# Drywall terminology



## cblevesque (Feb 23, 2005)

I'm a carpenter by trade and have recently been working with some drywallers that use some lingo that I'm not familiar with. They say that after hanging, it takes them three coats to be ready for paint:

They say that they tape it, block it, and skim it. 

I understand the tape it(talking about getting the tape on the wall), and the skim it(talking about the last coat that fills the voids), but the _block it_?

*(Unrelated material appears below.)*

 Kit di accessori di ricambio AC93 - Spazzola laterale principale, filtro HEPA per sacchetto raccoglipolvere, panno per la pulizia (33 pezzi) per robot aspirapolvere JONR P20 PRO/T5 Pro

Please let me know if anyone has any thoughts.


----------



## mdshunk (Mar 13, 2005)

cblevesque said:


> I but the _block it_?


It entertains me to guess that "blocking it" might refer to the shape of a drywaller's head after a few years of holding up lids with their heads to get a few screws in.


----------



## Mike Finley (Apr 28, 2004)

LOL.

Block it - install blocking anywhere where the framers F up and left places where the drywall will be floating with nothing to screw it to.


----------



## jproffer (Feb 19, 2005)

Given the order you put them in, I would venture a guess that "blocking" means sanding the first coat (maybe with a block)


----------



## Tom R (Jun 1, 2004)

Never heard of it, - - but I'll guess maybe they mean 'striping' across the screw holes??


----------



## K2 (Jul 8, 2005)

I've seen some guys use a "box" to coat the tape. It is like a box full of mud with little wheels on it. They would run it over all the joints and it would lay down an even coat of mud. I think the wheels would adjust up for high joints. I believe the box was, or is part of the Ames tool system. It's been a while since i've been around these guys. RT.


----------



## jproffer (Feb 19, 2005)

Yea, that's a banjo. I guess anything's possible, but I don't think that's what they're talking about when they say "blocking". Could mean alot of things I suppose. Hmmmmmmm


----------



## damudman (Dec 12, 2004)

block=2nd coat.....1st coat over the tape. :Thumbs: I call it tape bed skim


----------



## damudman (Dec 12, 2004)

jproffer said:


> Yea, that's a banjo. I guess anything's possible, but I don't think that's what they're talking about when they say "blocking". Could mean alot of things I suppose. Hmmmmmmm


No thats a box. Banjo is a tape dispenser with the mud on the back side of the tape.


----------



## jproffer (Feb 19, 2005)

...I guess I need to read more carefully, I thought he meant the one with tape and mud all in one....thanks mudman


----------



## K2 (Jul 8, 2005)

I think the *ames* system uses a *bazooka* instead of a banjo. RT


----------



## BUILDER1 (Aug 27, 2005)

Blocking is the step after taping. It means blocking the tape 1/16" of mud over the tape with a 10" wide knife.


----------



## Mudd Dogg (Sep 14, 2005)

The terminology of "blocking" after the tape coat is basically just how Builder 1 said, but as in any aspect of construction, it may very from finisher to finisher. ''Blocking" is the same as "bedding in" which is the most common terminoloy that I have encountered. It is, what is considered, the second coat. First is the tape coat. That pretty much speeks for it's self.( taping the joints) The second coat is the "bed coat" or "blocking", meaning coating the tape, screws or nails, angles, and any corner bead. The third coat consists of reapplying mud to everything included in the second coat. But there is more to than that. Such as the butt joints (joints that run vertically between flat joints) they need a bit more TLC. 
Just always keep in mind, the way drywall is finished, differs from finisher to finisher. Hope this helped.


----------